Hunt for the word "Toyota" across the entries below, copying each line that holds it.
*** Given records Section Begins ***
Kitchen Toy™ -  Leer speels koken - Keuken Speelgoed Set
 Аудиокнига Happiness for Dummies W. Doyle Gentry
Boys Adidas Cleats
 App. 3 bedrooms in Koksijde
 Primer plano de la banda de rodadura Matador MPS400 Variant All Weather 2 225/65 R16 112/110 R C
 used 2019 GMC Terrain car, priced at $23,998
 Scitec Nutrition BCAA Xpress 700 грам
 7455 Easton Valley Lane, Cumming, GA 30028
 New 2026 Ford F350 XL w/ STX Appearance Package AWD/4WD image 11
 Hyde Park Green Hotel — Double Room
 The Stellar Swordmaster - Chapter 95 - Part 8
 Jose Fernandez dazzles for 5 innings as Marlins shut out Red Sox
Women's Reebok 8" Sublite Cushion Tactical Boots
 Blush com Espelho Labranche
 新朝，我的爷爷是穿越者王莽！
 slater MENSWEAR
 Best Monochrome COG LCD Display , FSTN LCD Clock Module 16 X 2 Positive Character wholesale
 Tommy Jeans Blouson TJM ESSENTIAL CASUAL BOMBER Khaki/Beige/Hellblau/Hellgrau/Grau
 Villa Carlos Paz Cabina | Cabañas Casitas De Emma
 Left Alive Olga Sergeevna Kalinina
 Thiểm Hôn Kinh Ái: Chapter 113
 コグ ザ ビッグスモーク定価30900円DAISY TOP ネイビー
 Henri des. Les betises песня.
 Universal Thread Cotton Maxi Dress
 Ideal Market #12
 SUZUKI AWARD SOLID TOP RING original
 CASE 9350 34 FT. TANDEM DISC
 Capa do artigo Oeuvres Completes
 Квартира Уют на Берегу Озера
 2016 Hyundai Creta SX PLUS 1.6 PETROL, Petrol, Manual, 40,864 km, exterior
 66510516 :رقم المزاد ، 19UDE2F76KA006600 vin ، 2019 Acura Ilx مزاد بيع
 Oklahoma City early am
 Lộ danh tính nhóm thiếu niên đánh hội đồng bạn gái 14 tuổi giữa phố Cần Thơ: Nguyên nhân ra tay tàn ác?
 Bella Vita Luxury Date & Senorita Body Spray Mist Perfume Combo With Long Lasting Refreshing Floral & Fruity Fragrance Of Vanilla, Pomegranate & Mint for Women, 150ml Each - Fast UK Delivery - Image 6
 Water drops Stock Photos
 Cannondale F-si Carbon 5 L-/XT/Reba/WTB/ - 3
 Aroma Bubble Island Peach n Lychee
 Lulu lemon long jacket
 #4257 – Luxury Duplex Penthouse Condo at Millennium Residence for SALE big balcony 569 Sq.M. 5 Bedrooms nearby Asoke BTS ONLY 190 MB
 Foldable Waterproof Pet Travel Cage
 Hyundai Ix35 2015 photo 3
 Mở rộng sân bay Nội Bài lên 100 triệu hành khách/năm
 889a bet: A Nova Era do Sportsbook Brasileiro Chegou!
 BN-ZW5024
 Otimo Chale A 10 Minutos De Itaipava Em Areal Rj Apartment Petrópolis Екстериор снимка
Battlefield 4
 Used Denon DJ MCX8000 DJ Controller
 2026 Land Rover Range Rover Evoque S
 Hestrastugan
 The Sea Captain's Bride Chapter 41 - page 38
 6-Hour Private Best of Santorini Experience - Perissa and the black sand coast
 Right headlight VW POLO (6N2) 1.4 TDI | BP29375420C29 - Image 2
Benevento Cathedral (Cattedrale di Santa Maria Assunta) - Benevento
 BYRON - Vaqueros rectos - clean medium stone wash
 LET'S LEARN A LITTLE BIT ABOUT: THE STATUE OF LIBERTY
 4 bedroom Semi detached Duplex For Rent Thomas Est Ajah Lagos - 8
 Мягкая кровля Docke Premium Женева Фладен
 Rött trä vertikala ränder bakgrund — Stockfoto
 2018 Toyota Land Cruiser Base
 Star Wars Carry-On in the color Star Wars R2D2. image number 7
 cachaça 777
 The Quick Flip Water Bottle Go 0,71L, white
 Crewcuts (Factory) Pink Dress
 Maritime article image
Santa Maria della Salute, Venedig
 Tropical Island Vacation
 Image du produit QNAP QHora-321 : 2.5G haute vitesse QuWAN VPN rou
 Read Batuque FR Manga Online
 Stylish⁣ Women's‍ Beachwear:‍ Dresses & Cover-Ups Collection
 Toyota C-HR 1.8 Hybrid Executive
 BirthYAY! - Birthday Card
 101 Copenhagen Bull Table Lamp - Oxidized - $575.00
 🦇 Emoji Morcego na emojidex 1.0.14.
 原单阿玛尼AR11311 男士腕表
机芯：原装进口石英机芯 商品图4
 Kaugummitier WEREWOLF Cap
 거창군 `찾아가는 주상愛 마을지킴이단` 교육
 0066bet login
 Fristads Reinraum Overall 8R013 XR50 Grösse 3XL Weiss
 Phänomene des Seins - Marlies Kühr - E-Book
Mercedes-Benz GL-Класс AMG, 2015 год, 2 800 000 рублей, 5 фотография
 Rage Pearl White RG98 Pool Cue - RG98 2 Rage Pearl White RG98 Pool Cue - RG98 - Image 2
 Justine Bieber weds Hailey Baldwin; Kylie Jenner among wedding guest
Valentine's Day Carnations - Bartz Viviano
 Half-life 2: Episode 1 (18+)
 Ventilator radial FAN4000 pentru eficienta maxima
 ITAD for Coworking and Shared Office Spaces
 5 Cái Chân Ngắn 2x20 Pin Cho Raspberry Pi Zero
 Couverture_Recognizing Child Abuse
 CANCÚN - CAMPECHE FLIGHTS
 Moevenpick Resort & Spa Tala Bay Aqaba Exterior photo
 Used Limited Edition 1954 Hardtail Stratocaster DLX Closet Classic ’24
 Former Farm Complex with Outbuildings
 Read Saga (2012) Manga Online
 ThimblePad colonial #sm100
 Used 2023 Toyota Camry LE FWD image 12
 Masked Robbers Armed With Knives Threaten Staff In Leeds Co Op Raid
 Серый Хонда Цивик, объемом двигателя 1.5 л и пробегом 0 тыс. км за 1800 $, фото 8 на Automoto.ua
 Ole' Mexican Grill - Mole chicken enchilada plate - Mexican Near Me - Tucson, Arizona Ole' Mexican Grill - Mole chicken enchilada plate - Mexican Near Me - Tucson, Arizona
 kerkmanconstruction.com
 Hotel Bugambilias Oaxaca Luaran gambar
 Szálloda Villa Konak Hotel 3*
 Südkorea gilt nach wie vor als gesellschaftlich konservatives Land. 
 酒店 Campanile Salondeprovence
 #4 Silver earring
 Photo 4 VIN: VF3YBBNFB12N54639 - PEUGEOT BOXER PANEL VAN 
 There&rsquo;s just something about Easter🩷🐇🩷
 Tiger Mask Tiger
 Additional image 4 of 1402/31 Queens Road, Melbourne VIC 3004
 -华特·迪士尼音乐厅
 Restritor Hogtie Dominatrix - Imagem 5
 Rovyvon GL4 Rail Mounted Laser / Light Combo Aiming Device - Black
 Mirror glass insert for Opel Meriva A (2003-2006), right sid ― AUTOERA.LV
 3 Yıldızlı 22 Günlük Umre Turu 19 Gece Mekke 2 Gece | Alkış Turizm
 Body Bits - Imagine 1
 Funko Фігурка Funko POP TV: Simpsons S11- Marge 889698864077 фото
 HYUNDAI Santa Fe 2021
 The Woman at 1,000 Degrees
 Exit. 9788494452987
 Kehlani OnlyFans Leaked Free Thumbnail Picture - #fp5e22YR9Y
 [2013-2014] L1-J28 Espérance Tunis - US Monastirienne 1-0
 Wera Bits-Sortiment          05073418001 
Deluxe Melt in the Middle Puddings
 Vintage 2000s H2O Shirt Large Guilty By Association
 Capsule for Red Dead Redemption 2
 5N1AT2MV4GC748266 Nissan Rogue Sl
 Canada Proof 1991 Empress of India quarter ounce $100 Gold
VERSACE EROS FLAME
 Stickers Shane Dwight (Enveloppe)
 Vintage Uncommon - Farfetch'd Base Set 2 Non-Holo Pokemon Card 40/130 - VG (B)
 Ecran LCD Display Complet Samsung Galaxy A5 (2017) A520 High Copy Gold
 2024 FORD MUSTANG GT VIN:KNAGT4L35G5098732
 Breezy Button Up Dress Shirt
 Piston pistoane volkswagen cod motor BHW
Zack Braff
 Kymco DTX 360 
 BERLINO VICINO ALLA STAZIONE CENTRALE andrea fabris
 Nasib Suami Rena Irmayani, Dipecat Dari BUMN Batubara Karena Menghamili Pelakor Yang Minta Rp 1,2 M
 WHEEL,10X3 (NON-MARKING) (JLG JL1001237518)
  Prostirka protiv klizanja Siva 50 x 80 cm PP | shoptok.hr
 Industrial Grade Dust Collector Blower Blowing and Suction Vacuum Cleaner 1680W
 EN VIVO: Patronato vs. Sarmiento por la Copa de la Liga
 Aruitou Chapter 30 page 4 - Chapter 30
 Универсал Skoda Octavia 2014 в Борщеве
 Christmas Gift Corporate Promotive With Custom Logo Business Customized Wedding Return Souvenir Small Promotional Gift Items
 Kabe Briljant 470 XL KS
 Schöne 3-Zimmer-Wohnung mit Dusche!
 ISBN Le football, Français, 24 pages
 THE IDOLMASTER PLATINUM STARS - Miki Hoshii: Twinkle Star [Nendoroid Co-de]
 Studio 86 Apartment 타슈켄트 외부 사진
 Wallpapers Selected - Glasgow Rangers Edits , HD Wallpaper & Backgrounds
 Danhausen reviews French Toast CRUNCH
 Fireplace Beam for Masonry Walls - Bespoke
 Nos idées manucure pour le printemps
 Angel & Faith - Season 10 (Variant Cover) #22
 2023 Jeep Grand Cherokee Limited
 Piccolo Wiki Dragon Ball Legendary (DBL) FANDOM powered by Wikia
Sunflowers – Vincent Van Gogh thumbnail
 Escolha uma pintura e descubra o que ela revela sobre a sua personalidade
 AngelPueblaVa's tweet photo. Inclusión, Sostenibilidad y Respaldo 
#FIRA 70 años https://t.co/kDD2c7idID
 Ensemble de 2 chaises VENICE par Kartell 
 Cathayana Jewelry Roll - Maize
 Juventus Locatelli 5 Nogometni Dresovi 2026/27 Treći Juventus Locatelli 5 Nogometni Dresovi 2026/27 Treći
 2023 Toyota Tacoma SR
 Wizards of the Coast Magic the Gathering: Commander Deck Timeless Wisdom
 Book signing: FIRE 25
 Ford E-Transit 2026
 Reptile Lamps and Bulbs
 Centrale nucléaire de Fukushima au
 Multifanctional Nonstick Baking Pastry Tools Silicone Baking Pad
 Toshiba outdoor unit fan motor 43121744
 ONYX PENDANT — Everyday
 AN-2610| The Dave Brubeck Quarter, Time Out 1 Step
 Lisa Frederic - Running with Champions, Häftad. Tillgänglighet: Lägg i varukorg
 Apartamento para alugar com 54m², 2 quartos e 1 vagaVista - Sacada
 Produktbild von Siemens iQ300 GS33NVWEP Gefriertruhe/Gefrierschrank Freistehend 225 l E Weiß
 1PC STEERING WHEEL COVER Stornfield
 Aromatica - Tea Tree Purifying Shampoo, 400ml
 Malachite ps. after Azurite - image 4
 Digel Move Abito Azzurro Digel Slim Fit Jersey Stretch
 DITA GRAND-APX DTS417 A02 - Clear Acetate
*** Given records Section Ends ***
-- Response --
 2018 Toyota Land Cruiser Base
 Toyota C-HR 1.8 Hybrid Executive
 Used 2023 Toyota Camry LE FWD image 12
 2023 Toyota Tacoma SR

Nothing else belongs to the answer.